14-jähriges Top-Talent
Einen Tag später gegen Weitefeld-Langenbach, das gerade erst aus der Verbandsoberliga in die Oberliga zurückgekehrt ist, war Nünschweiler von Beginn an überlegen. „Im Doppel war Rouven Niklas sehr stark. Er ist wieder voll im Training“, lobte Wiche. „Die beiden Doppelsiege zu Beginn waren sehr wichtig“, fügte Nünschweilers Betreuer Peter Becker an. Niklas siegte an der Seite von Marcel Dohmen in vier engen Sätzen gegen René Wallmeroth und den erst 14-jährigen Phil Schweitzer, der bei den deutschen U15-Meisterschaften Bronze im Doppel gewann. „Schweitzer gehört in der U14 zu den Topspielern in ganz Deutschland“, betonte Becker. Der junge Angriffsspieler aus dem Westerwald stellte auch Rouven Niklas im Einzel vor Probleme. Vier Sätze benötigte Niklas, um Schweitzer zu bezwingen. Mit harten Bällen, die er weit nach außen platzierte, setzte er sich gegen Weitefelds Nachwuchs-Ass durch.
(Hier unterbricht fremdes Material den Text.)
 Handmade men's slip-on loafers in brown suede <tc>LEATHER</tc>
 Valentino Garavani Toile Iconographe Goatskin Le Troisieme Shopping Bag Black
Nünschweiler ließ kaum Chancen aus zu punkten. Nur Marcel Dohmen verpasste es beim 1:2-Satzrückstand gegen Wallmeroth, eine 8:4-Führung zum Satzausgleich zu nutzen. Wallmeroth spielte nach vorne und gewann so doch noch mit 12:10, nachdem Dohmen zwei Matchbälle abgewehrt hatte. „Das waren mal wieder zwei ganz wichtige Punkte“, meint Becker, der sichtlich gelöst war nach dem zweiten Saisonsieg.
Verwirrende Tabelle
TTC Nünschweiler liegt nach drei Spielen mit 4:2 Punkten auf dem dritten Platz einer etwas verwirrenden Tabelle, haben doch manche Teams wie Spitzenreiter Nassau (8:0) schon vier Partien absolviert, während Heusweiler erst einmal antrat.
SO SPIELTEN SIE
TTC Nünschweiler - TTF Frankenthal 3:7. Henry Wiche/Marcel Dohmen - Martin Roth/Maurice Engel 7:11, 11:9, 4:11, 7:11, Fabian Freytag/Thomas Veith - Christian Stofleth/Peter Beranek 11:9, 1:11, 12:10, 10:12, 5:11, Freytag - Beranek 11:9, 5:11, 11:0, 8:11, 11:9, Wiche - Stofleth 12:10, 6:11, 2:11, 8:11, Dohmen - Engel 12:10, 5:11, 11:4, 7:11, 7:11, Veith - Roth 10:12, 12:10, 9:11, 11:3, 9:11, Freytag - Stofleth 8:11, 5:11, 11:9, 11:8, 12:10, Wiche - Beranek 7:11, 6:11, 9:11, Dohmen - Roth 9:11, 7:11, 11:6, 1:11, Veith - Engel 12:10, 12:10, 11:8
TTC Nünschweiler - TuS Weitefeld-Langenbach 9:1. Fabian Freytag/Thomas Veith - Paul Richter/Felix Meyer 11:5, 11:1, 11:3, Marcel Dohmen/Rouven Niklas - René Wallmeroth/Phil Schweitzer 15:13, 19:17, 11:13, 11:5, Freytag - Richter 11:3, 11:7, 11:6, Dohmen - Wallmeroth 8:11, 11:9, 6:11, 10:12, Veith - Meyer 11:6, 11:6, 11:9, Niklas - Schweitzer 11:13, 11:4, 11:5, 11:7, Freytag - Wallmeroth 11:9, 11:5, 11:9, Dohmen - Richter 11:9, 8:11, 11:2, 11:6, Veith - Schweitzer 11:8, 7:11, 11:9, 11:7, Niklas - Meyer 11:6, 11:6, 11:5.